▸ Your objective: From the line that contains "Aerial shot of" down to the final line below, please repeat each line exactly and nothing more, with no pictures.

▸ Brief descriptive captions:
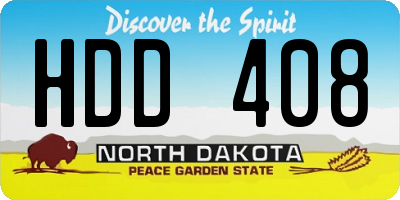 ND license plate HDD408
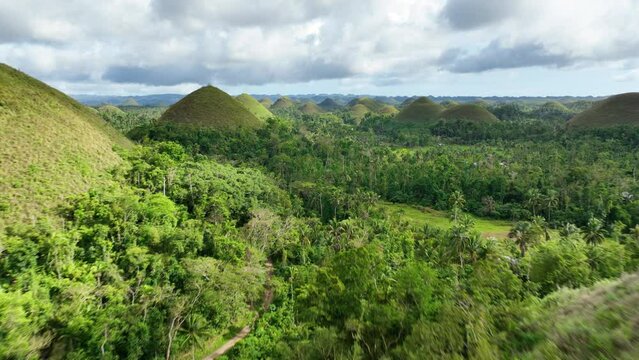 Aerial shot of the interesting rock formations called the Chocolate Hills on Bohol Island in the Philippines.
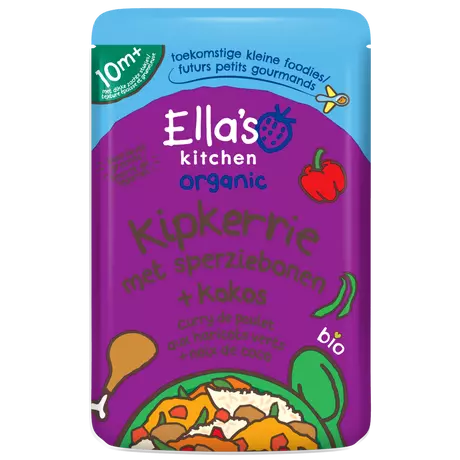 Ella's Kitchen Bio Kipkerrie Sperziebonen Kokos 10+ Maanden 190 gram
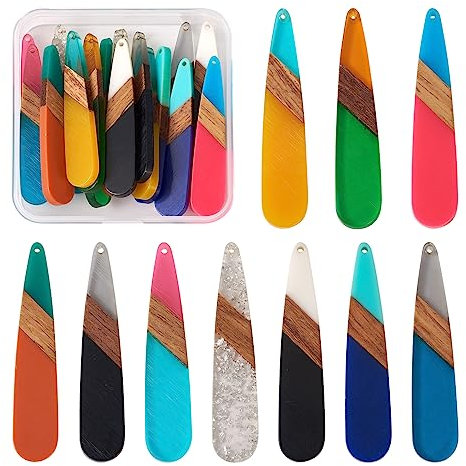 Crafans Anhänger aus Harz & Walnussholz, Schmuckherstellung und DIY-Handwerkskunst, Erwachsene, Unisex, Bohème, Natur, 20 Stück, 10 Farben, 53.5 x 11 x 3.5 mm, Tropfenförmig, nicht faltbar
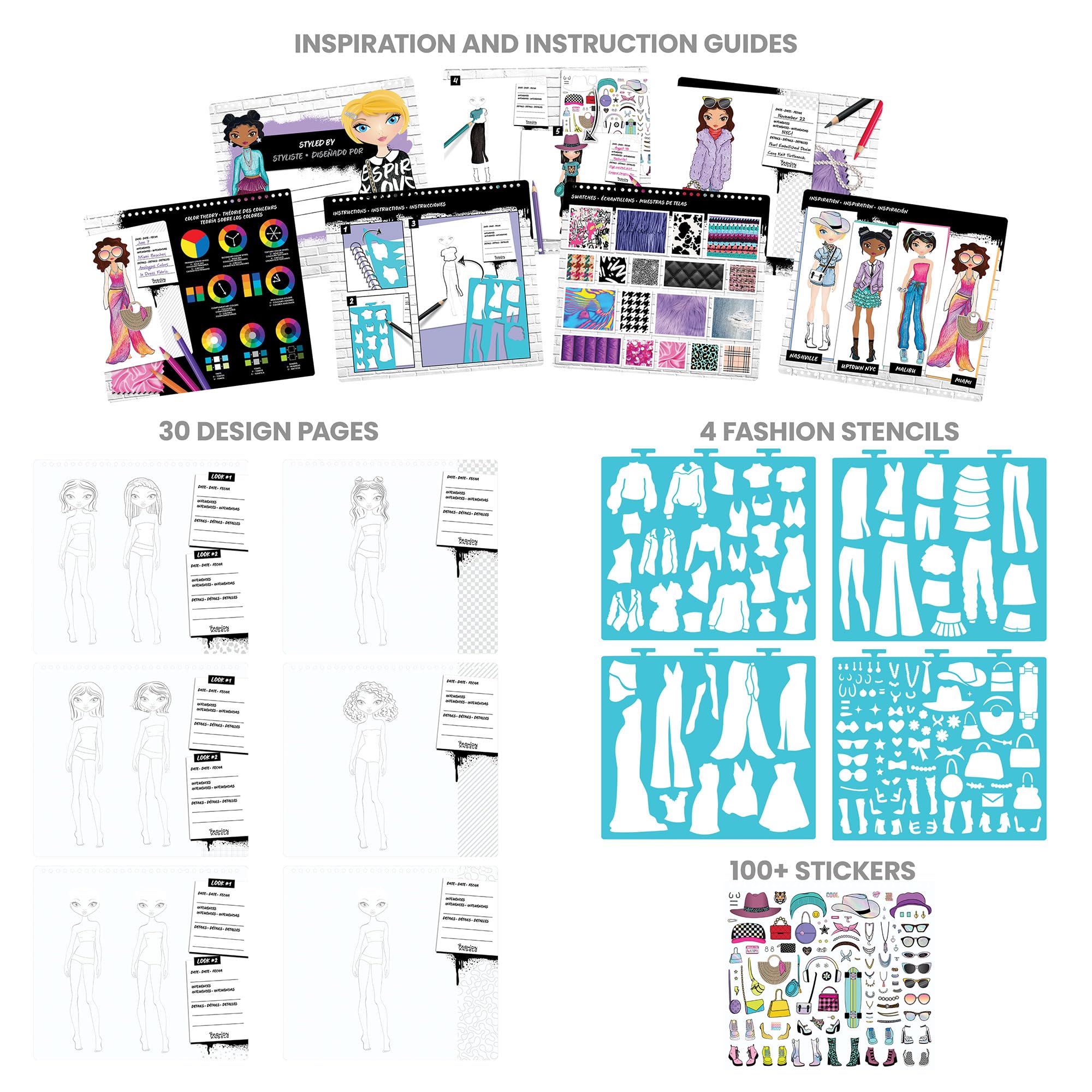 Fashion Angels Streetwear Fashion Design Sketch Portfolio - 30 Sheets | 4 Stencils | 100+ Stickers 2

▸ Your solution:
 Aerial shot of the interesting rock formations called the Chocolate Hills on Bohol Island in the Philippines.
 Ella's Kitchen Bio Kipkerrie Sperziebonen Kokos 10+ Maanden 190 gram
 Crafans Anhänger aus Harz & Walnussholz, Schmuckherstellung und DIY-Handwerkskunst, Erwachsene, Unisex, Bohème, Natur, 20 Stück, 10 Farben, 53.5 x 11 x 3.5 mm, Tropfenförmig, nicht faltbar
 Fashion Angels Streetwear Fashion Design Sketch Portfolio - 30 Sheets | 4 Stencils | 100+ Stickers 2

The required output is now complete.